Quote (thesnipa @ Sep 15 2020 09:46pm)
that's faulty math tho. you're comparing the gays nationwide to the non gays in one state, and ignoring the non gays nationwide. a minority is still a minority. i dont want to suppress minorities, and politics generally aren't doing that in the modern times. we've made great strides, gay marriage was something Obama and HRC were against a mere decade ago, because that was the safe position, and now it's legal nationwide. protections for sexual orientation are growing all the time, even with some setbacks at the state level that take a while to get fixed by the SCOTUS. what i do not want to see is an entire state become a new minority group, that's expansion of the minority not regression of it. overall tho this speaks to the SCOTUS as a better check on abuse of minorities than the govt voted in by the EC.
as to the system, i tend to think not. at the time of the drafting of the constitution if a compromise was not met in the form of the EC we'd likely not have lasted as a country at all. the civil war would have been moved up, and likely would have resulted in so many fractures we'd have 10+ nations today, not 1 nation of 50 states. when bodies want to pull apart if you use tape it will only hold so long, we needed a strong glue. we're just now at a stage that people are questioning if glue was the right choice, ignorant to the reality that we wouldnt even by in a position to question the glue if glue was never used.
at the core of the constitution was a battle of a authoritarian federal govt and autonomous states, the EC is the middle ground. i dont see another viable middle ground, and either alternative would have been worse IMO. state's rights are easy to see as a completely negative thing, but it allowed the nation to start letting go of slavery, it allowed pot to become legal in over half the states, etc.

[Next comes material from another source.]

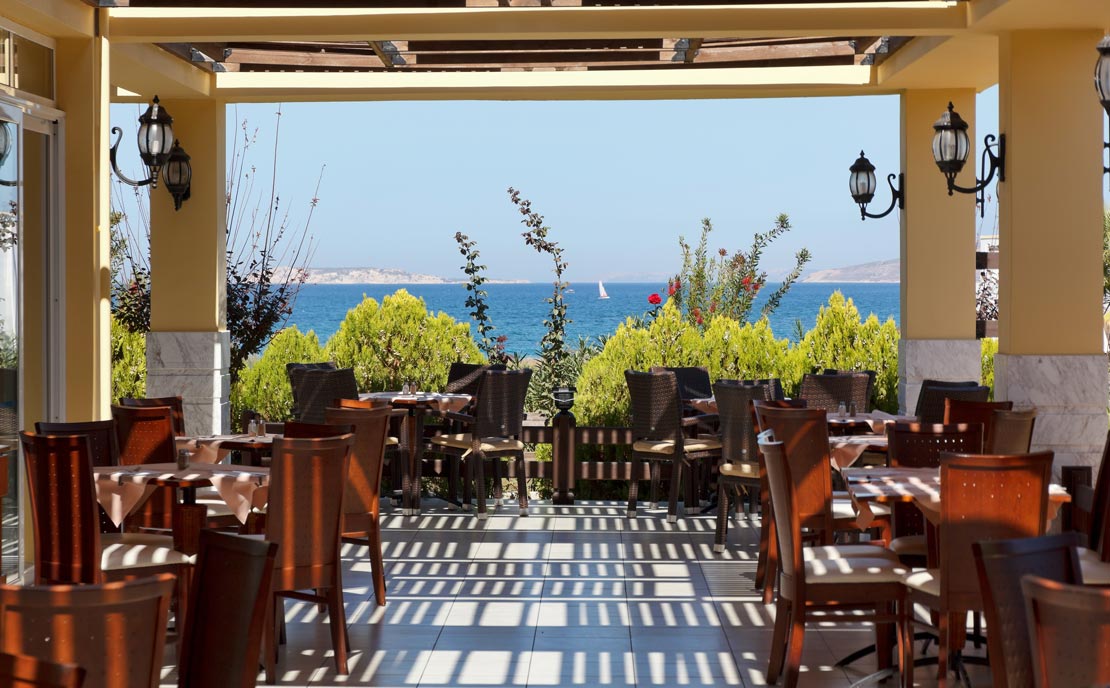 Θέα βεράντας εστιατορίου στο Ξενοδοχείο  Gaia Royal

If the math is faulty, point out the fault. You say minorities are not being oppressed, so why does the "people living in sparsely populated states" minority require extra favors? My point is that the system favors one type of minorities and does nothing to favor other types of minorities, and this is now your fifth post in which you've danced around that topic.
I suppose the bottom line is that it's all due to historic reasons. You say the USA could not have established itself as a stable country if it weren't for the EC, and I can agree with that. This is not the only problem in the USA which is manifested by the fact that there is no practical way to change the constitution, so you're stuck with things that worked 250 years ago but don't work today.
Quote (ReturnFormer @ Sep 16 2020 04:02am)
you cant make that comparison. we are a union of states, not a single entity. states will not give up their own rights.
I agree, and that's why I've said that you should not have such a powerful president.